For a textual answer to your question you could look at what both Laertes and Polonius say to Ophelia in Act 1 of the play. Laertes and Ophelia have an interesting conversation right before Laertes plans to go back to school. As the attentive and loving big brother, Laertes asks Ophelia about her relationship with Hamlet, and tells her that he thinks that, while Hamlet may express that he loves her, she shouldn't take him too seriously. He warns her to
Hold it a fashion, and a toy in blood; . . .
Forward, not permanent -- sweet, not lasting.
When Ophelia questions that assumption, Laertes gives her a very solid assessment of the situation. He explains that, as a prince, Hamlet is not as free as other men are to choose their mates. He's right when he says
Perhaps he loves you now,
And now no soil nor cautel doth besmirch
The virtue of his will; but you must fear,
His greatness weighed, his will is not his own,
For he himself is subject to his birth. . . .
for on his choice [of wife ]depends
The safety and heath of his whole state [Denmark]
Generally, princes marry princesses for social or political gain. Ophelia is not a princess. Hamlet may have true love for Ophelia, but that doesn't guarentee that he can choose her as his wife. He cautions her to not lose her honor to Hamlet and lose her heart and her reputation. Given these ideas, it would not seem that Hamlet and Ophelia are not a good match.
On the other hand, Ophelia expresses genuine affection for Hamlet and defends Hamlet and their relationship when her father has a similiar conversation with her about Hamlet. Polonius isn't as diplomatic about Hamlet's motives, suggesting something a bit more base, but his point is still the same. Hamlet is a prince, and as such, lives a very different life, with very different expectations.

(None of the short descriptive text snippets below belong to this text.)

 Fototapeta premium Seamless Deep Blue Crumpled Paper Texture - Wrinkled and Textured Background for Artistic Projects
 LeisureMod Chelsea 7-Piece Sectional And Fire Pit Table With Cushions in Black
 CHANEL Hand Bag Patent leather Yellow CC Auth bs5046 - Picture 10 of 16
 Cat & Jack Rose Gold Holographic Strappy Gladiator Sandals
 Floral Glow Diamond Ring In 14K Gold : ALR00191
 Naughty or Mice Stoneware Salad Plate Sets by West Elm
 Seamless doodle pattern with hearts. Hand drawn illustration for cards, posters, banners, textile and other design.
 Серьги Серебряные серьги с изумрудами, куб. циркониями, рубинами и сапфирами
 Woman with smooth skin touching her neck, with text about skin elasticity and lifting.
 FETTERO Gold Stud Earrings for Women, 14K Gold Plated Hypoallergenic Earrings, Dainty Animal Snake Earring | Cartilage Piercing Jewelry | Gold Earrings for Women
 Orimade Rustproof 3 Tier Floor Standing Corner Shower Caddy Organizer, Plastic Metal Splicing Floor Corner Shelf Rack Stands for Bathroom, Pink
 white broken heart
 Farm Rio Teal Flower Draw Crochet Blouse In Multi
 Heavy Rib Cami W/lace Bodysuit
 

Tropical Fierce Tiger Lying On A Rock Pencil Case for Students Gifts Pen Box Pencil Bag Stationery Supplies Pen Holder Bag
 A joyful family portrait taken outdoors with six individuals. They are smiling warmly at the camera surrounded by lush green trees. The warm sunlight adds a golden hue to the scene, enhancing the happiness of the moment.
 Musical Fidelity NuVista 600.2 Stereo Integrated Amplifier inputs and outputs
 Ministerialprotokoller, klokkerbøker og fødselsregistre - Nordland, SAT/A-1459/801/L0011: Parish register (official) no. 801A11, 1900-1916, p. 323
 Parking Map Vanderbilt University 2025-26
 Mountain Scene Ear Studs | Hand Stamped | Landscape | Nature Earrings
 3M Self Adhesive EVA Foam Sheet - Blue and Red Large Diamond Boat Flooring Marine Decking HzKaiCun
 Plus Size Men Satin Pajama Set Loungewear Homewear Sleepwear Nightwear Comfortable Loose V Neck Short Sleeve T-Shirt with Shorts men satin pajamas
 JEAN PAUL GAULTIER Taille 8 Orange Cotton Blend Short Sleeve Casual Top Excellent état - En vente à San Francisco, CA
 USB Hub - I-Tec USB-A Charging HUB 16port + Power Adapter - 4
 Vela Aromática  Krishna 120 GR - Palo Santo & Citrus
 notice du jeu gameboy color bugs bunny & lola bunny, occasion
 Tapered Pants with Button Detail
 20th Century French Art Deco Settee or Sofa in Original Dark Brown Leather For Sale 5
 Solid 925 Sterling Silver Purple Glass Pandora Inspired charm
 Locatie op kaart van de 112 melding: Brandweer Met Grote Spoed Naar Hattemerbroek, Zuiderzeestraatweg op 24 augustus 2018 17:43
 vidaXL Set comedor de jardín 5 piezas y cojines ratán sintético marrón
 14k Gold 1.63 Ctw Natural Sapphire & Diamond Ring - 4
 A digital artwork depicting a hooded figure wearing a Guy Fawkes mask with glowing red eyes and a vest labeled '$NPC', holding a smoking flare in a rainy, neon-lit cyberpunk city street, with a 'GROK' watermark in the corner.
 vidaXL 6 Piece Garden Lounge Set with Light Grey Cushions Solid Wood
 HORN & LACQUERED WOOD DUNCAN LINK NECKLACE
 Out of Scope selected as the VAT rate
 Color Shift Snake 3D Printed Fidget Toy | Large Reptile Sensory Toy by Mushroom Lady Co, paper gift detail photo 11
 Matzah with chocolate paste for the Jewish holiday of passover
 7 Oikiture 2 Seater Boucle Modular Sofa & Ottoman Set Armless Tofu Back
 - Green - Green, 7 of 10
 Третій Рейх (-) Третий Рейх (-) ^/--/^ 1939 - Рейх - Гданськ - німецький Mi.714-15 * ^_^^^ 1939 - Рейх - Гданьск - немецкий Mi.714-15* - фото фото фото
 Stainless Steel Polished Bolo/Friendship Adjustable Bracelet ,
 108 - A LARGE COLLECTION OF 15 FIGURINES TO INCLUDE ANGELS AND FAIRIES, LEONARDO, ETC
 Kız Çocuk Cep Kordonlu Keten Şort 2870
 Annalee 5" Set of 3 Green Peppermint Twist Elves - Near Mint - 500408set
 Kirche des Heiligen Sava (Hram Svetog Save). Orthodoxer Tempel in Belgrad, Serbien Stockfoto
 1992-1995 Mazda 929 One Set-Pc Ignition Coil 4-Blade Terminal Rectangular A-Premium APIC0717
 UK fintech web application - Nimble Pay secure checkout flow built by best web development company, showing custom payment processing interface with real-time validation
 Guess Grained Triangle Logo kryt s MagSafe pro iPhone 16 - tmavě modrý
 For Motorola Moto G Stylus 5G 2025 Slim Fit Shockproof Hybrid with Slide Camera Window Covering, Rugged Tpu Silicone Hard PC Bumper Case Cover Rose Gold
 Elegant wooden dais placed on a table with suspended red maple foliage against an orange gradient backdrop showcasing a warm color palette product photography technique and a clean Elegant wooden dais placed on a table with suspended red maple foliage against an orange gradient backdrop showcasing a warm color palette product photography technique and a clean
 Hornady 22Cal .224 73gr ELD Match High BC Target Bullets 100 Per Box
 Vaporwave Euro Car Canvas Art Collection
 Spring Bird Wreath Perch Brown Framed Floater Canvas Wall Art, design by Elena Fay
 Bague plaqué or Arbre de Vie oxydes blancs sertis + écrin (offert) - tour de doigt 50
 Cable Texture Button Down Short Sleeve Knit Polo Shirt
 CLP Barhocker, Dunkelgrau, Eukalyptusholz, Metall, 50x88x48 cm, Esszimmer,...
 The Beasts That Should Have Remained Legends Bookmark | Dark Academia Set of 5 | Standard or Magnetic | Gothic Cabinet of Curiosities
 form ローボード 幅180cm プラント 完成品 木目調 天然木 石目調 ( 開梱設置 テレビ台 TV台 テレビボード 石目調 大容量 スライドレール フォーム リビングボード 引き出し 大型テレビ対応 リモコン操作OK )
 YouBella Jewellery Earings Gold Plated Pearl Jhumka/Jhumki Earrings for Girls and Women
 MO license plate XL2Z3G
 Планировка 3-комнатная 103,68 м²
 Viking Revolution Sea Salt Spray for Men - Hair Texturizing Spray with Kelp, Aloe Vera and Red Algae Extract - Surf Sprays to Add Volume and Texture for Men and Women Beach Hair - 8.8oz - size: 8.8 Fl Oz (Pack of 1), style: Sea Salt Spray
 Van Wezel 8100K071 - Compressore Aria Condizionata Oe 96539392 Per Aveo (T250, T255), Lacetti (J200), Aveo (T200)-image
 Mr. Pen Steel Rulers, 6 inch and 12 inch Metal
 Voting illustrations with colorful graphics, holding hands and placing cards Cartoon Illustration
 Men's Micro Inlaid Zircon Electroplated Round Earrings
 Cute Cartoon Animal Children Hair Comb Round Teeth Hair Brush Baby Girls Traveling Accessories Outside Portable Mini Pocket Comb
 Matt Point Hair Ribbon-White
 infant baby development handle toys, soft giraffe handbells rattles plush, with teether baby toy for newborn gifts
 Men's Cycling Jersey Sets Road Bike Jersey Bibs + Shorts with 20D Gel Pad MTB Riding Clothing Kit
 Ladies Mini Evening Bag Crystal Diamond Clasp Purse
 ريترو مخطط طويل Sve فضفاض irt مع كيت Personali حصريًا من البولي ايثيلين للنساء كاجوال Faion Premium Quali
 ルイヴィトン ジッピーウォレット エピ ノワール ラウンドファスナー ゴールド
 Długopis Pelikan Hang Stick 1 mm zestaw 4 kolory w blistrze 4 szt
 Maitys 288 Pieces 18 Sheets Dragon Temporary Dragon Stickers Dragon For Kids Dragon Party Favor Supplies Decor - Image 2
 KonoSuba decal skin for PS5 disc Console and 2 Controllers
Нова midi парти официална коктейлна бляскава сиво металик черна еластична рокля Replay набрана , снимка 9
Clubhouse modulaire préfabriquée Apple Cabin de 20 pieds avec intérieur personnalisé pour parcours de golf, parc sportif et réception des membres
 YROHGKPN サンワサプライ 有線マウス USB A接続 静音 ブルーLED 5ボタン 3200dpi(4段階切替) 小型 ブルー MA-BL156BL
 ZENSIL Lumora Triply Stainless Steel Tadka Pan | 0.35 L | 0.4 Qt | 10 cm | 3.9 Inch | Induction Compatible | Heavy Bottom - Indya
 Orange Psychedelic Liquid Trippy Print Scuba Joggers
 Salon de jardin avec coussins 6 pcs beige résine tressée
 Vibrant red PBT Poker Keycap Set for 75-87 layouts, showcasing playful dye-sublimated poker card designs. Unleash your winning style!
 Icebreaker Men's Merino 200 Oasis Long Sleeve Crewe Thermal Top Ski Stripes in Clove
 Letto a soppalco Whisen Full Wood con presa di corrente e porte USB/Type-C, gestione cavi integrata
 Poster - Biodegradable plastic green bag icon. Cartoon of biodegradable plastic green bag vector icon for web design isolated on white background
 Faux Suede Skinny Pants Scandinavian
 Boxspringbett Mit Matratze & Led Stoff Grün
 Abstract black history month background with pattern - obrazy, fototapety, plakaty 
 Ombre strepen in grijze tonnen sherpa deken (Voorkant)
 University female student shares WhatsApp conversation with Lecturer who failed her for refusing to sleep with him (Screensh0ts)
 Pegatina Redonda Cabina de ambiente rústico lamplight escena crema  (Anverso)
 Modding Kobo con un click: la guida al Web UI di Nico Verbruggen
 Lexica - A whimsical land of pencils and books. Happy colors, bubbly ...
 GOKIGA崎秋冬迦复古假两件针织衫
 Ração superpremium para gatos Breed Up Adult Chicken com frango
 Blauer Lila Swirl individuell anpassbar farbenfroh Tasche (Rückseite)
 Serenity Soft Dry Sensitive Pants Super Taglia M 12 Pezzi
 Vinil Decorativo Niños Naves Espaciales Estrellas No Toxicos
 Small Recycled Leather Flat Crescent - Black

There is textual evidence that Ophelia thinks highly of Hamlet and that she is legitimately concerned over the apparent madness of Hamlet as it is displayed later in the play. Consider her prayers in Act 3 when Hamlet is berating her in the "get thee to a nunnery scene. She is so devastated by his killing her father and his rejection of her that she loses her sanity and ends up killing herself. Her feelings for Hamlet are true, and as evidenced by Hamlet's reaction to her death in Act 5 his are as well, but the circumstances of their lives in the time frame of this play strain the relationship beyond its endurance.